# 1995 Yam 90 2 stroke???



## sfsurfr (Mar 16, 2009)

About how much would a 1995 yamaha 2 stroke electric, start, remote steering outboard cost in todays market. There is one with 630 hrs, 120-125 compression in all cylinders and it needs seals in the trim unit that runs but the owner wants 2k for it. I checked on NADA boats and it came up around 1200 bucks. I know NADA can be unrealistic but I am curious as to what this motor is actually worth.


----------



## noeettica (Sep 23, 2007)

well sir you have a problem! There are virtually None of those motors on E-Bay and you are smack in the middle of Boating Season !

If you want it to keep that is not a bad deal If you think you will "flip" it you are probably mistaken 


All that being said if you wait until the end of boating season You may find a Motor for about that price with lower hours or newer but NOT right now ...

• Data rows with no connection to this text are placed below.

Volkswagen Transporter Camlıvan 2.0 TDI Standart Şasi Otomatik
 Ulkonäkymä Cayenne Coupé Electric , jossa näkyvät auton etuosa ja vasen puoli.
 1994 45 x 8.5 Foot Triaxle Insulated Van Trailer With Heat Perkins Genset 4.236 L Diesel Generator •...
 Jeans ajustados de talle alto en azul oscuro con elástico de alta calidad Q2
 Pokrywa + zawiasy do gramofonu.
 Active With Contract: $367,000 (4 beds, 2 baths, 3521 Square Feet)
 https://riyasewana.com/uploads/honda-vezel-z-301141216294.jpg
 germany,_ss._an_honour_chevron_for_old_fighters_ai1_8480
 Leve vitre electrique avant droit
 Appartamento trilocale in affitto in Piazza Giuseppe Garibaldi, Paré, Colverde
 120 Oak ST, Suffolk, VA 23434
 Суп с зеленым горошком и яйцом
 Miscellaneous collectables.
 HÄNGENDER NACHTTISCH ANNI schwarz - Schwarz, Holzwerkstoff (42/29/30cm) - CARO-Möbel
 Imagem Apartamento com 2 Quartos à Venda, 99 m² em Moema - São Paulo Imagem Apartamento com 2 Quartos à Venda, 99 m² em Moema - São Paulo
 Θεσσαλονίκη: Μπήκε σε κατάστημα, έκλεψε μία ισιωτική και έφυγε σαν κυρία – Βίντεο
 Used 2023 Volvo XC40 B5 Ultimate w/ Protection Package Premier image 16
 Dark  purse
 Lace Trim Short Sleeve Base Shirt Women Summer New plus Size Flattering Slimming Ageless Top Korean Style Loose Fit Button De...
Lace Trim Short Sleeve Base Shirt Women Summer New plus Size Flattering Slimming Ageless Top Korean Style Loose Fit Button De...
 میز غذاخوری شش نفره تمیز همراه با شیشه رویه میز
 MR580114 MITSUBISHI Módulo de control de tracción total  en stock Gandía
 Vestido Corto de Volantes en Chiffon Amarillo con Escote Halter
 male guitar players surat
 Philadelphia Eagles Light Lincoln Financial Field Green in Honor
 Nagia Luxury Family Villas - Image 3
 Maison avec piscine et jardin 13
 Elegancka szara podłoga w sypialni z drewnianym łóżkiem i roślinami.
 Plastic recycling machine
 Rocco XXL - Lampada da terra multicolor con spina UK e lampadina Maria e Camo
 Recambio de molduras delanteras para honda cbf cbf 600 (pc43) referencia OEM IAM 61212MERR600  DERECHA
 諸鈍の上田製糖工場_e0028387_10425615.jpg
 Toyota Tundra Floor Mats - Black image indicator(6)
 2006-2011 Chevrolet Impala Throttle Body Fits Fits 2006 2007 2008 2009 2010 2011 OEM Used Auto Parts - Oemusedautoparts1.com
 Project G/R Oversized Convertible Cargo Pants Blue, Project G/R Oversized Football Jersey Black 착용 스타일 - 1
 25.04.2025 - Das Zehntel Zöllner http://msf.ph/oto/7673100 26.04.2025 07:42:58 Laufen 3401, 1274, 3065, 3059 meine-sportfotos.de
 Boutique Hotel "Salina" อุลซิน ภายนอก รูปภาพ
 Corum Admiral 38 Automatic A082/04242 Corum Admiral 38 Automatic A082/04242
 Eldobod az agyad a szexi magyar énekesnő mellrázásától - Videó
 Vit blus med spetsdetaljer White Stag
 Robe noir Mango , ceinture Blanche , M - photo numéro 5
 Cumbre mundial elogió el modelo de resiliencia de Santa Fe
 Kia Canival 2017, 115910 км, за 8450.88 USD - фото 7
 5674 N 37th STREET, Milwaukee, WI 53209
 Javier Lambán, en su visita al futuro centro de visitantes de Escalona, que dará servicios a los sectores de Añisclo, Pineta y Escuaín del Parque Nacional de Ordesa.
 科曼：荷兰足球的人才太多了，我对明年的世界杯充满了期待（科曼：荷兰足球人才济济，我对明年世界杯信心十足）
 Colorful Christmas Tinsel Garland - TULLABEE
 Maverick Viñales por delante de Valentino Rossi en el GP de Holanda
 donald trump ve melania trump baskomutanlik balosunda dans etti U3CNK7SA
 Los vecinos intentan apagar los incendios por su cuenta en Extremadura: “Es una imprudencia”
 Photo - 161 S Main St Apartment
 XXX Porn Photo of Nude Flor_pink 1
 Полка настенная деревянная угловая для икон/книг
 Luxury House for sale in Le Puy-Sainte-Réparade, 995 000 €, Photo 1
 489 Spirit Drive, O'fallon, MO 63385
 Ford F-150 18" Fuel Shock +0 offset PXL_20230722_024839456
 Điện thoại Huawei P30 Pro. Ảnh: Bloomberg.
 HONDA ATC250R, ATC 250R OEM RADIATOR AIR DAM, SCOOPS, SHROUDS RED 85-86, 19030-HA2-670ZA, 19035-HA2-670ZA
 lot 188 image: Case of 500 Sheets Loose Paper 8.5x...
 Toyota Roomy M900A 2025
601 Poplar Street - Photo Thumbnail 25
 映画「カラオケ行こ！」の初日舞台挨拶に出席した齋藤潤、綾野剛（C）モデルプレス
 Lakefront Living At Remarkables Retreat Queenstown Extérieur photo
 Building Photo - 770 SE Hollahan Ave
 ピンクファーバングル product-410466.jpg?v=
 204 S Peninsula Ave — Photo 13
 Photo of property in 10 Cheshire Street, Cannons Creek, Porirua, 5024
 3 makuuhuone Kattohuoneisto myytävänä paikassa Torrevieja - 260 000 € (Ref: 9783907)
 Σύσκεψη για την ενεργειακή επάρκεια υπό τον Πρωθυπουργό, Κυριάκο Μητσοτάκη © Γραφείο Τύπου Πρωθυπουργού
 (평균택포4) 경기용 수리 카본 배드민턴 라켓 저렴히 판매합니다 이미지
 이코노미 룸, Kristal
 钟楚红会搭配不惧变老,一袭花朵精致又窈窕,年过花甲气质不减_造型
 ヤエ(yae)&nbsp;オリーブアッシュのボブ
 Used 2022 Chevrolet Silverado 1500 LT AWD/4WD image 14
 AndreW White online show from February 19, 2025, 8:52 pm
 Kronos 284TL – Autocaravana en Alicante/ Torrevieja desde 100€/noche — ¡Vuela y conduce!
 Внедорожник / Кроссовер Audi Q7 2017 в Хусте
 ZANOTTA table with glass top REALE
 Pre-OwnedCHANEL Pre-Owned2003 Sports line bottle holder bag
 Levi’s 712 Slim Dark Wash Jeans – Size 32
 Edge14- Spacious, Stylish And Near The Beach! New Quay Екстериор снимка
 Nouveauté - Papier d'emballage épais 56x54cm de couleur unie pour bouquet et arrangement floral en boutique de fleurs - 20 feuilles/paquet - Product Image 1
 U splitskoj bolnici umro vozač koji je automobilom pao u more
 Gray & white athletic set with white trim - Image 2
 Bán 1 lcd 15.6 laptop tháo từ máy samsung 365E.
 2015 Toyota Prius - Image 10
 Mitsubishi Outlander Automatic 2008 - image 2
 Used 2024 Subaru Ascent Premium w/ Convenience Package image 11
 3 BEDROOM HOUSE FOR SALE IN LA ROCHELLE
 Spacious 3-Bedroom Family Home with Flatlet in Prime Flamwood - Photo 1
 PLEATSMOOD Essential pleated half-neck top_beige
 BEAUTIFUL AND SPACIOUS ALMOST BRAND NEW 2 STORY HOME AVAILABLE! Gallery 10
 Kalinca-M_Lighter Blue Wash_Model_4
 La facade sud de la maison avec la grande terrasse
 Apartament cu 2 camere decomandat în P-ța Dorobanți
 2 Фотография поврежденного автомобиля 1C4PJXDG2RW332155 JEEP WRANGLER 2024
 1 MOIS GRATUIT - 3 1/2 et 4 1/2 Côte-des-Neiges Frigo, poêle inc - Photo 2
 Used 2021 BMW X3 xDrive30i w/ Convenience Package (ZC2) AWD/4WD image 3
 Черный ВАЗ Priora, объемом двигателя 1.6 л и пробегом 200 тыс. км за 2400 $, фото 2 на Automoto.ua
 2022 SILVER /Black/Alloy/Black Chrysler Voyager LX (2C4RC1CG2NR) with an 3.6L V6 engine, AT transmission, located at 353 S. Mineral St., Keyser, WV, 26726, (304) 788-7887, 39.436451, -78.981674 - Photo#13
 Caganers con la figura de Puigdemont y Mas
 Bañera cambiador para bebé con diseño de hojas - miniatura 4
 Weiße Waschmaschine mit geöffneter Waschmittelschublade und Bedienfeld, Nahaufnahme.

Just called my Dealer there is a 1999 150 Evenrude for about $4000.00 so call around and check ....


Just my .02

Dave


----------



## sfsurfr (Mar 16, 2009)

well it isn't for me so I can't really make the decision if it is worth it or not. That is for my buddy Matt to decide. I am just trying to help out in the search so he doesn't get a motor that he won't be able to use. I agree that 2k is fair if the motor runs well and passes a detailed inspection. It is for his pathfinder 17t so it is kind of experimental. Defintately not trying to flip it though. Thanks for the response. I will report back with more info as I get it.

Dave


----------